» What you have to do:
Each line from the one holding "Volvo Xc40 2.0" through the final line of the data below is to be given again exactly, and no other line is to appear.

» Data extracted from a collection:

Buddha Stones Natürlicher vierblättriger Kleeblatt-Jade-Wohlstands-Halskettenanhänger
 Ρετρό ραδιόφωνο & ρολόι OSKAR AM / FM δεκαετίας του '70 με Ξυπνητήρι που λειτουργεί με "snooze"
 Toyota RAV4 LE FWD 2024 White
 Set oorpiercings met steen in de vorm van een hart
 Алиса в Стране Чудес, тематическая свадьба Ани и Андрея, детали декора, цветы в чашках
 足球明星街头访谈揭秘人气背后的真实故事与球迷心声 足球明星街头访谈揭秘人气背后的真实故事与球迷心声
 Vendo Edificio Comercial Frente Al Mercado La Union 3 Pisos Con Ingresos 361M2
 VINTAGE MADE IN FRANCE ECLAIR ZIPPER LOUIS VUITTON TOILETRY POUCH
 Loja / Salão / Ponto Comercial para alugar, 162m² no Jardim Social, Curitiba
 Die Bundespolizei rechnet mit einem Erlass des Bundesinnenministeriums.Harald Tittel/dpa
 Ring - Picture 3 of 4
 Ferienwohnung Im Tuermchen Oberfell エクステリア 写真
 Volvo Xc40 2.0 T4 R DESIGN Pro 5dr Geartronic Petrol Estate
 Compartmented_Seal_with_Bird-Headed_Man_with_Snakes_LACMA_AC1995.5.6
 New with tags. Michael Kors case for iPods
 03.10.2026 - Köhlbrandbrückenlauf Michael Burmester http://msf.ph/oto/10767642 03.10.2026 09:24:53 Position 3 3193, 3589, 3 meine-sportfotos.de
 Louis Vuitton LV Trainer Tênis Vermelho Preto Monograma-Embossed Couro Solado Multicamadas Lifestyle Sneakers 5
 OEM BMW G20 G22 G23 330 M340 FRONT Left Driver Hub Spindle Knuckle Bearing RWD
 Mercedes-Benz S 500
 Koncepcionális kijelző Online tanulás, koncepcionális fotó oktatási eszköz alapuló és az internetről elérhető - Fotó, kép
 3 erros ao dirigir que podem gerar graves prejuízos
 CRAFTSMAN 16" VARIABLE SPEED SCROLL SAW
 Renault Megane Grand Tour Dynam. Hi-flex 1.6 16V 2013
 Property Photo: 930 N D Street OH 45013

» Exercise solution:
 Volvo Xc40 2.0 T4 R DESIGN Pro 5dr Geartronic Petrol Estate
 Compartmented_Seal_with_Bird-Headed_Man_with_Snakes_LACMA_AC1995.5.6
 New with tags. Michael Kors case for iPods
 03.10.2026 - Köhlbrandbrückenlauf Michael Burmester http://msf.ph/oto/10767642 03.10.2026 09:24:53 Position 3 3193, 3589, 3 meine-sportfotos.de
 Louis Vuitton LV Trainer Tênis Vermelho Preto Monograma-Embossed Couro Solado Multicamadas Lifestyle Sneakers 5
 OEM BMW G20 G22 G23 330 M340 FRONT Left Driver Hub Spindle Knuckle Bearing RWD
 Mercedes-Benz S 500
 Koncepcionális kijelző Online tanulás, koncepcionális fotó oktatási eszköz alapuló és az internetről elérhető - Fotó, kép
 3 erros ao dirigir que podem gerar graves prejuízos
 CRAFTSMAN 16" VARIABLE SPEED SCROLL SAW
 Renault Megane Grand Tour Dynam. Hi-flex 1.6 16V 2013
 Property Photo: 930 N D Street OH 45013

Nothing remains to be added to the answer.